(Image-text web data)

--- START ---

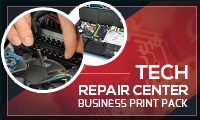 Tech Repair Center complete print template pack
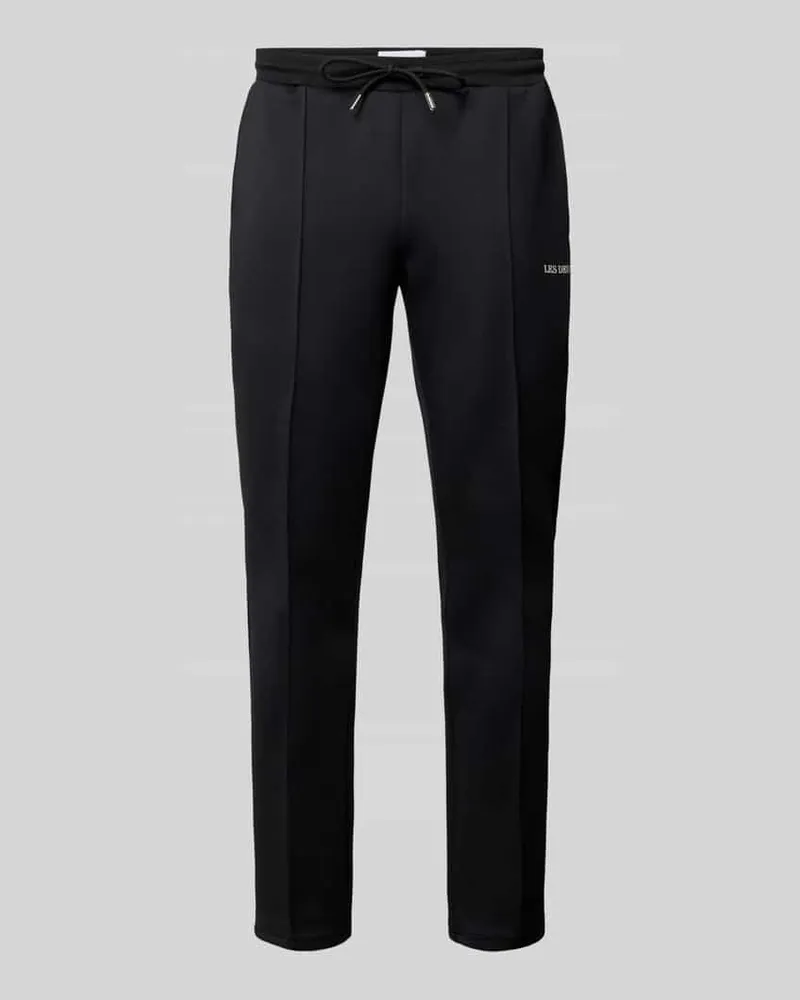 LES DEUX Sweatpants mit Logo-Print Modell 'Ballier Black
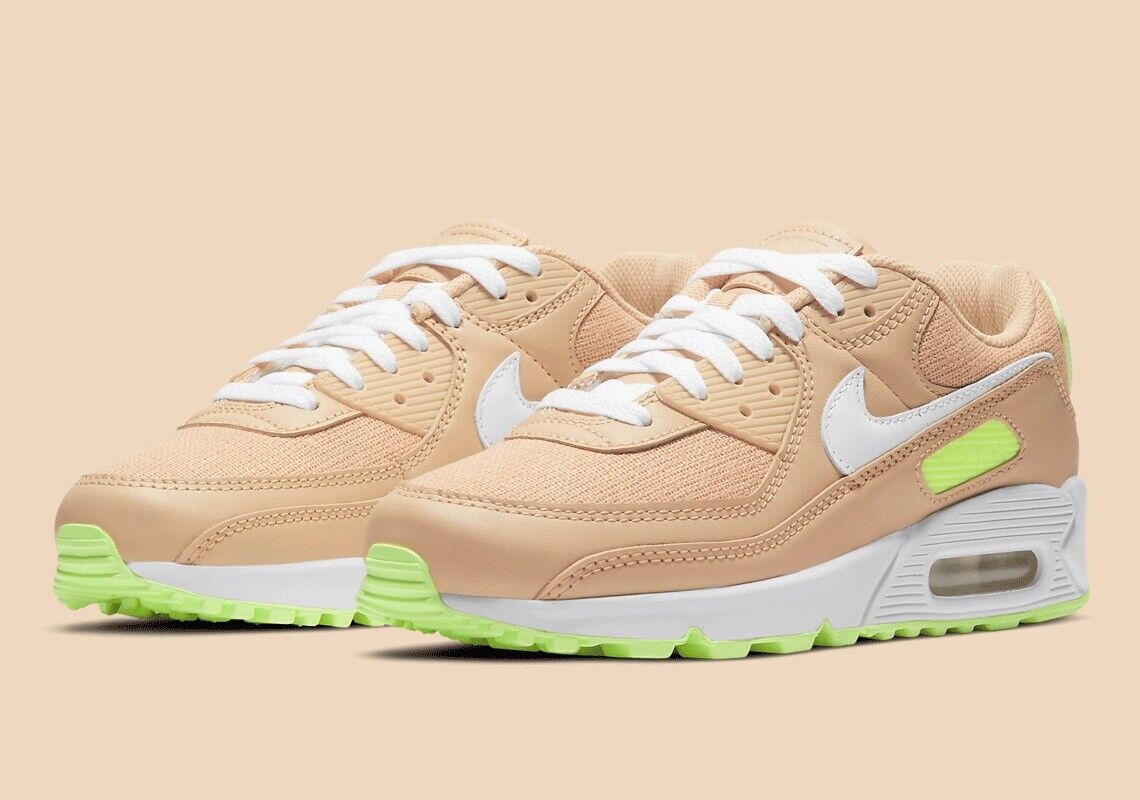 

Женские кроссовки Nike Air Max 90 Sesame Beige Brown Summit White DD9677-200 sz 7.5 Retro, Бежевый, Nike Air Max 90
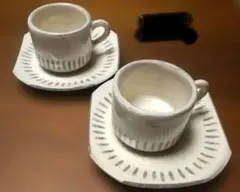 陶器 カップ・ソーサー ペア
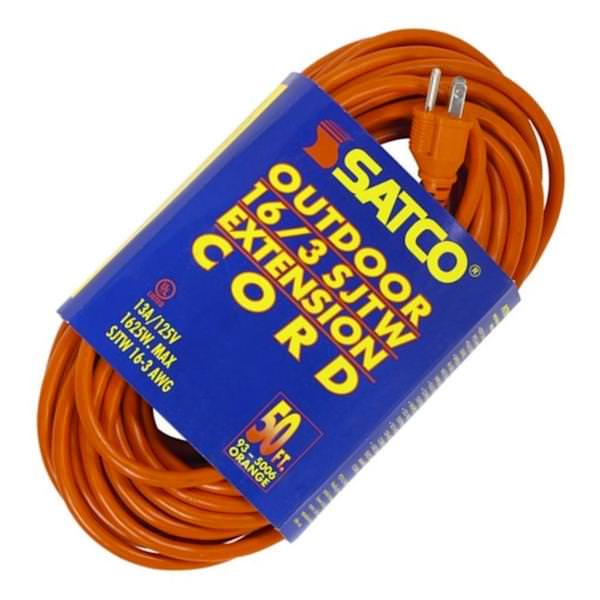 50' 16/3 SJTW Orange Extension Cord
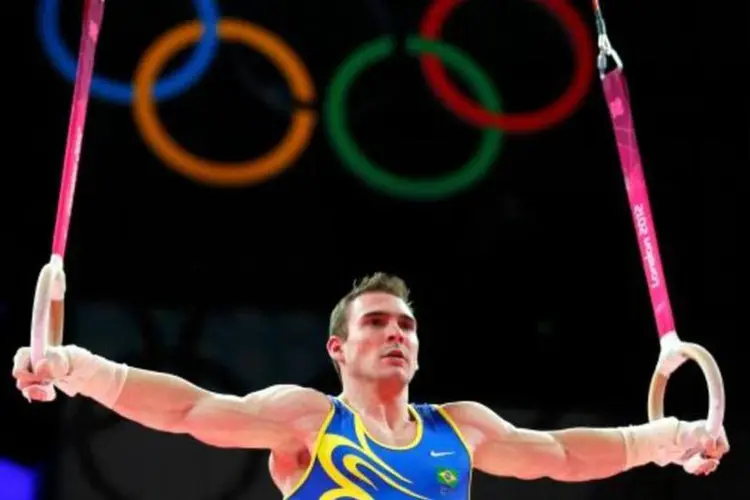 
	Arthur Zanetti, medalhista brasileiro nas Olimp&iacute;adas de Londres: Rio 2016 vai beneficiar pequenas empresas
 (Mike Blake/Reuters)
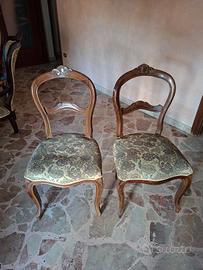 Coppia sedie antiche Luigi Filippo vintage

--- END ---

- [Task to carry out]
Reprint the data verbatim, pictures excluded.

- [Task output]
 Tech Repair Center complete print template pack
 LES DEUX Sweatpants mit Logo-Print Modell 'Ballier Black

Женские кроссовки Nike Air Max 90 Sesame Beige Brown Summit White DD9677-200 sz 7.5 Retro, Бежевый, Nike Air Max 90
 陶器 カップ・ソーサー ペア
 50' 16/3 SJTW Orange Extension Cord
	Arthur Zanetti, medalhista brasileiro nas Olimp&iacute;adas de Londres: Rio 2016 vai beneficiar pequenas empresas
 (Mike Blake/Reuters)
 Coppia sedie antiche Luigi Filippo vintage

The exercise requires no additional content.